→ Brief: Reproduce the whole of the records exactly, and make sure no picture is carried into the result.

→ Material provided:
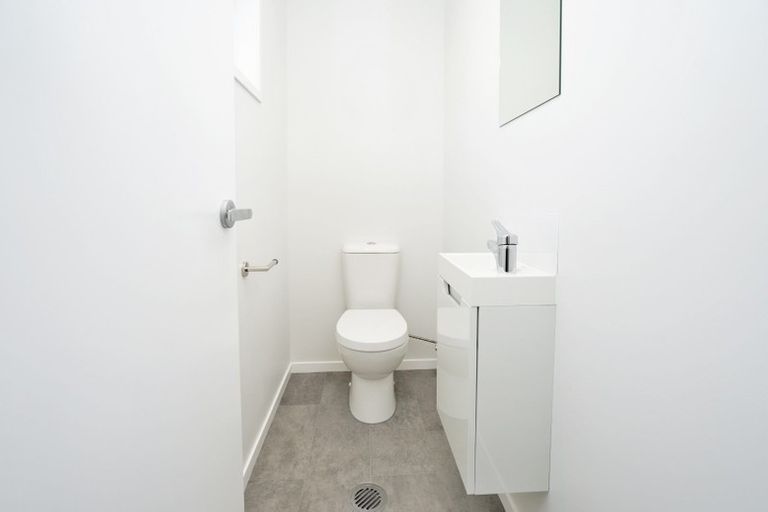 Photo of property in 16/10 Burrows Place, Frankton, Hamilton, 3204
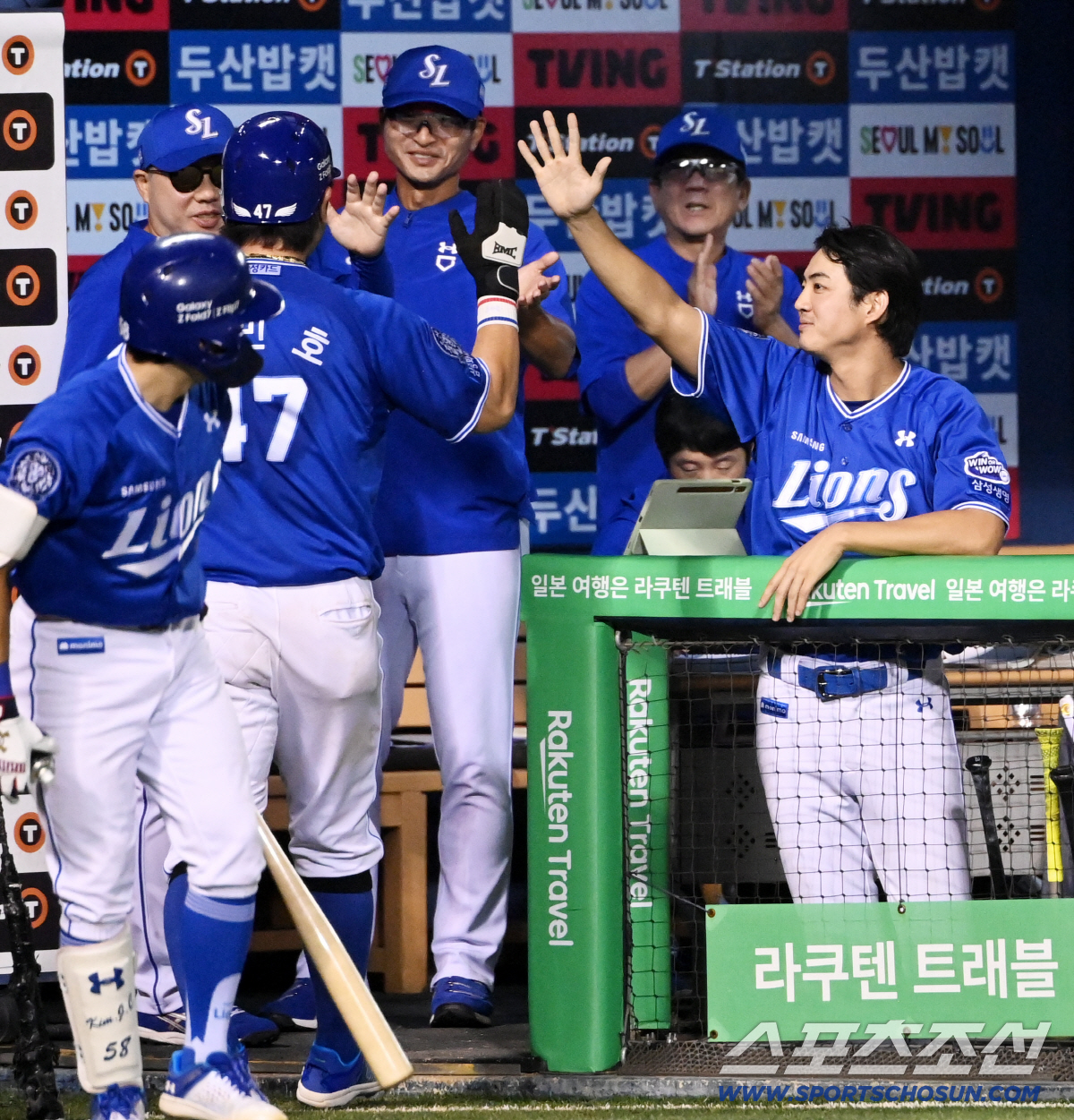 [포토] <b>강민호</b>, 역대 최고령 <b>1000득점</b> 달성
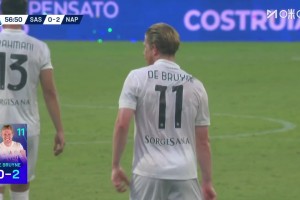 意甲首秀進(jìn)球！德布勞內(nèi)定位球傳中，無(wú)人碰到皮球直接入網(wǎng)！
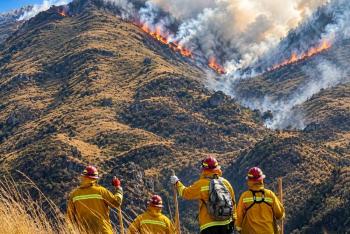 Un incendio que amenaza principal v&iacute;a de acceso a Machu Picchu causa un muerto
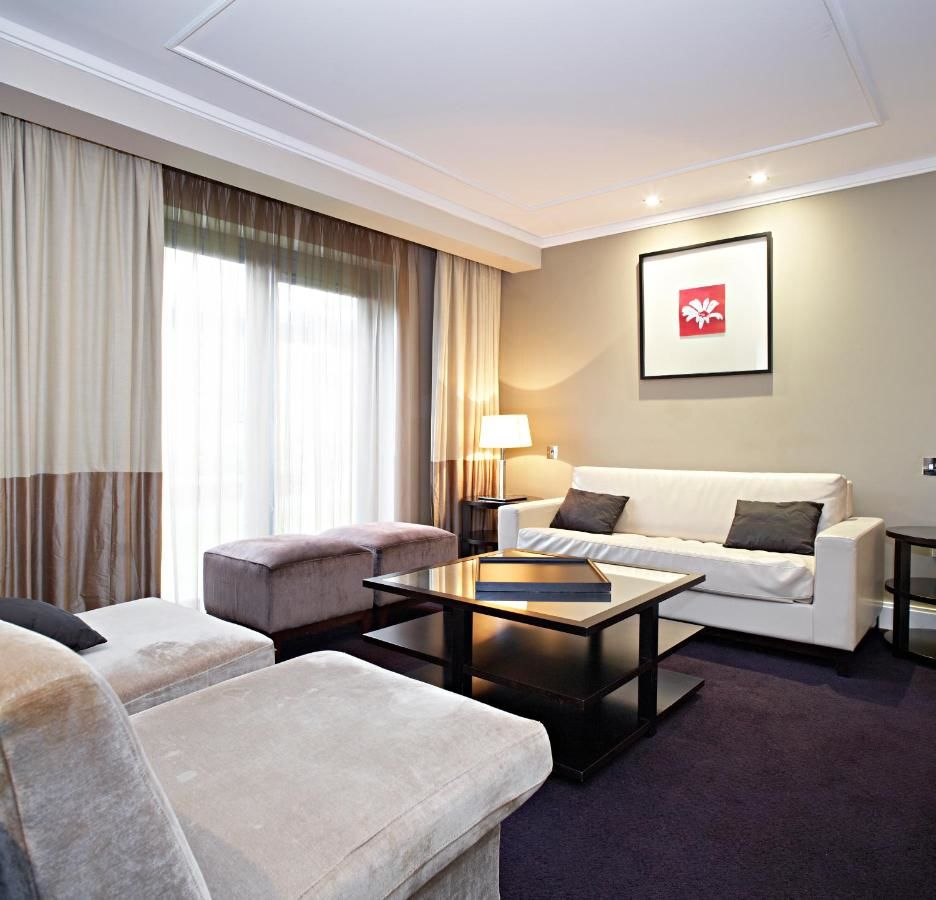 Отель Shamrock Lodge Hotel Атлон-5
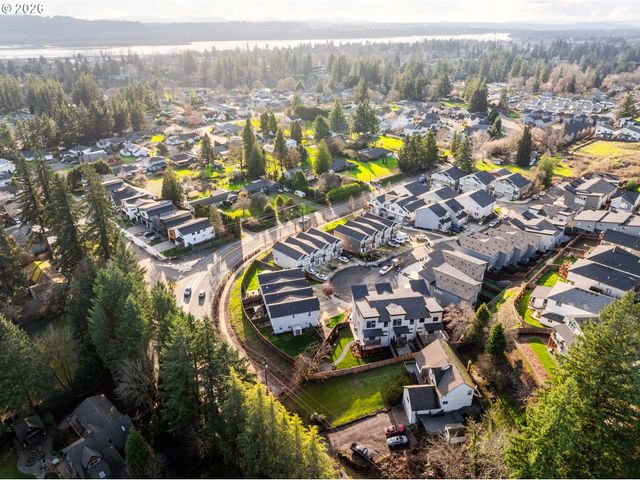 2445 N R St, Washougal, WA 98671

→ Response:
 Photo of property in 16/10 Burrows Place, Frankton, Hamilton, 3204
 [포토] <b>강민호</b>, 역대 최고령 <b>1000득점</b> 달성
 意甲首秀進(jìn)球！德布勞內(nèi)定位球傳中，無(wú)人碰到皮球直接入網(wǎng)！
 Un incendio que amenaza principal v&iacute;a de acceso a Machu Picchu causa un muerto
 Отель Shamrock Lodge Hotel Атлон-5
 2445 N R St, Washougal, WA 98671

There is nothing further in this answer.